Nach mehreren Namensänderungen und dem Zusammenschluss mit anderen Verbündeten wurde aus "Forza Italia" das "Volk der Freiheit" (Popolo della liberta - PdL) und Berlusconi schaffte es 2001 und 2008 weitere zwei Male in das Amt des Ministerpräsidenten, bis seine Skandale und die katastrophale wirtschaftliche Lage des Landes seinen Rücktritt unumgänglich machten.

Berlusconis Geschäfte laufen derzeit auch nicht gut und seine aktuellen Probleme mit der Justiz sind nicht geringer als vor zwei Jahrzehnten. Seine inzwischen von Auflösungserscheinungen gezeichnete Partei, die nur durch fragwürdige Parteiübertritte aus anderen Fraktionen ihre Mehrheit behaupten konnte, machte von Anfang an deutlich, dass sie der Expertenregierung Mario Montis jederzeit das Vertrauen entziehen könne. Montis sinkende Popularität war offensichtlich der Anlass, diese Drohung jetzt wahrzumachen.

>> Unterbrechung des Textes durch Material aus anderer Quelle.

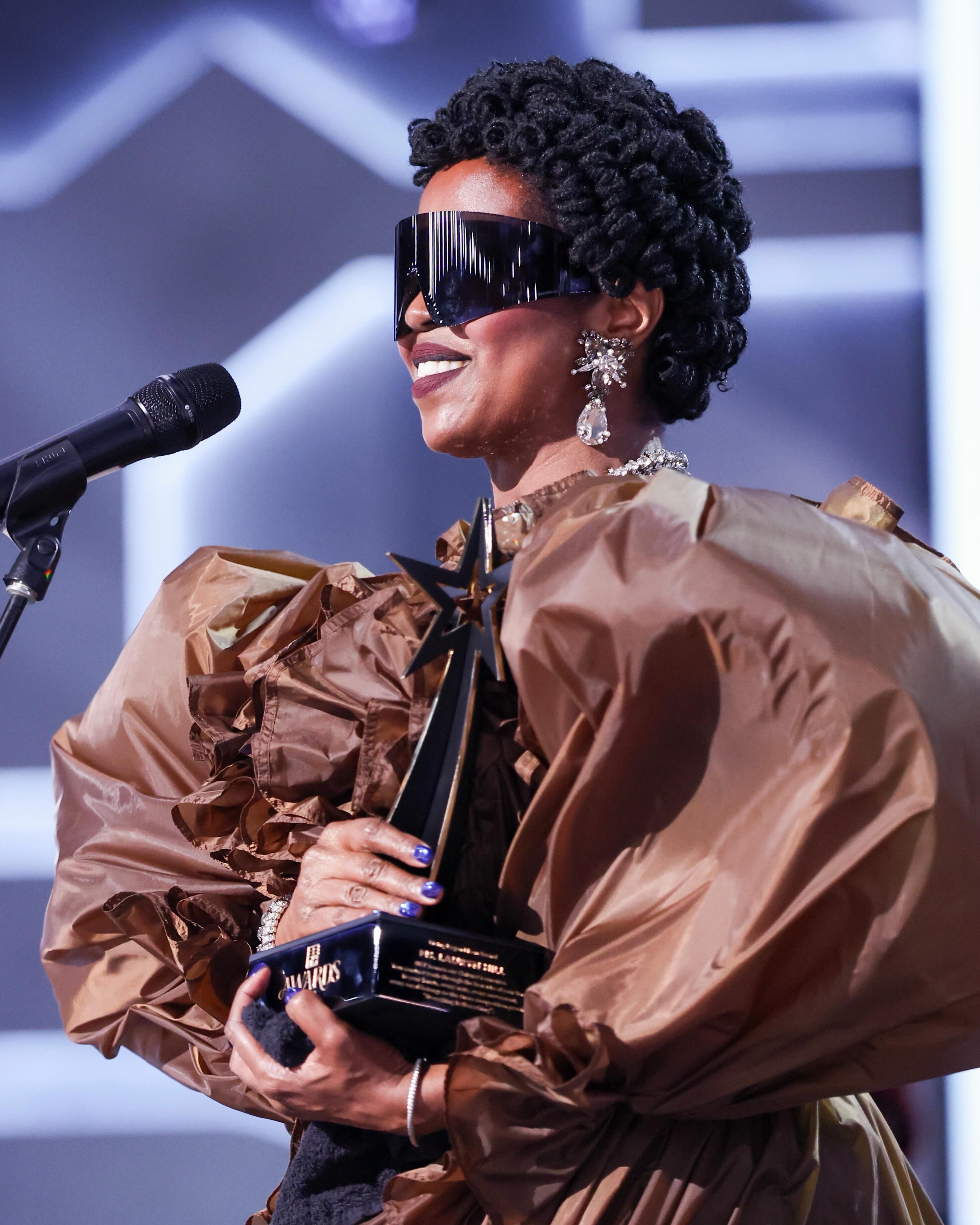 Still thinking about last night’s BET Awards? So are we. Swipe through some of the night’s biggest moments. Which one stood out? 🏆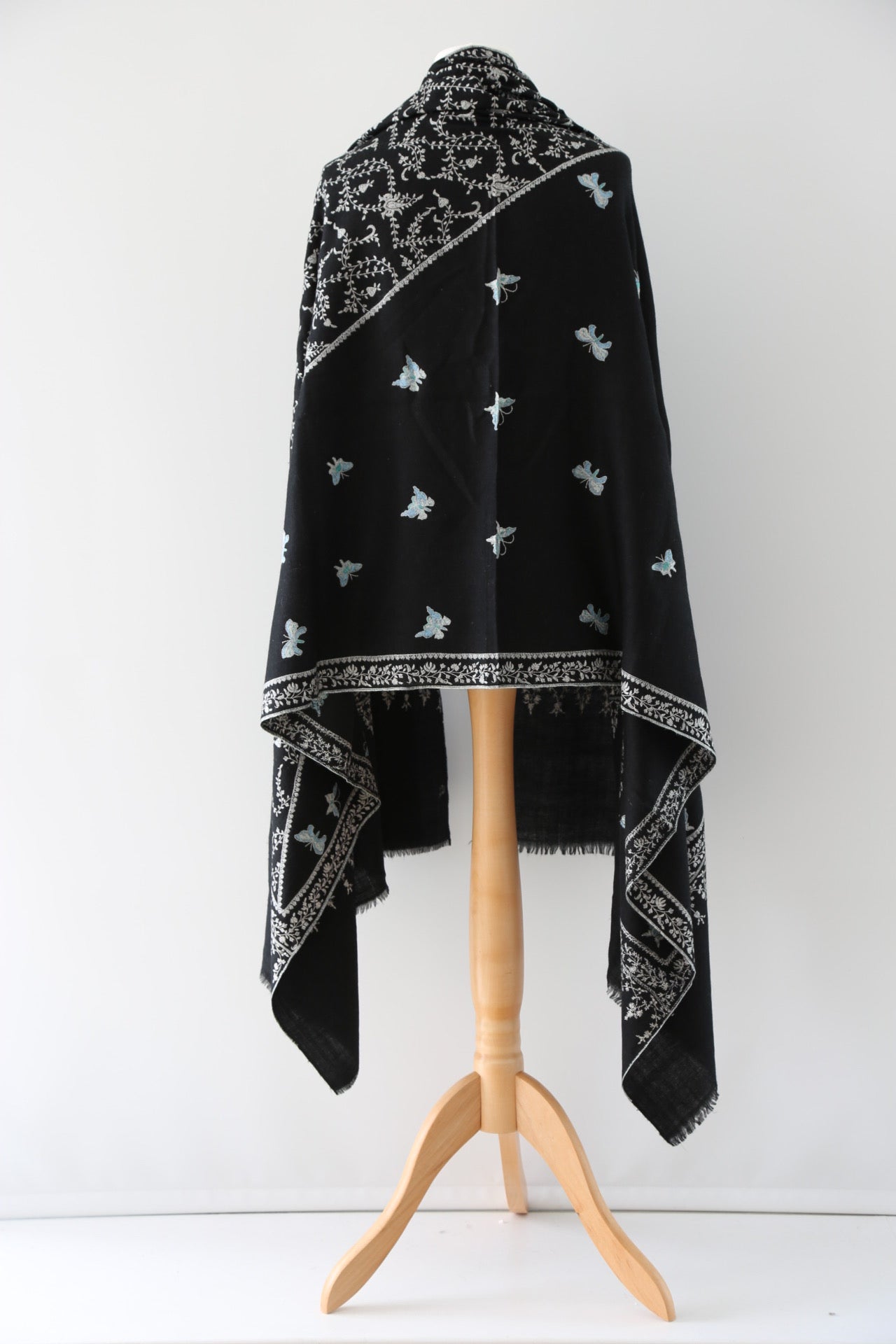 Sozni Hand Embroidered Cashmere Pashmina Black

Anders als 1994 kann sich Berlusconi bei den anstehenden Parlamentswahlen aber nicht als neue Kraft präsentieren und die Umfragewerte für seine Partei sind alles andere als ermutigend für Italiens Rechte. Mit einem enormen finanziellen und medialen Einsatz wird Berlusconi in den kommenden Wochen versuchen, das Ruder noch einmal herumzureißen und die Gegner in den eigenen Reihen zu vergattern. Mit seinem jüngsten Schachzug hat er jedenfalls verhindert, dass irgendwer in der PdL an seine Stelle treten kann, und er hat auch verhindert, dass die Italiener durch ein neues Wahlrecht diesmal die Chance erhalten, ihre Abgeordneten auswählen zu können. Wie in seinen Justizverfahren setzt der 76-Jährige einmal mehr auf Verzögerung. Die Wähler haben es in der Hand, ihm einen endgültigen Strich durch diese Rechnung zu machen.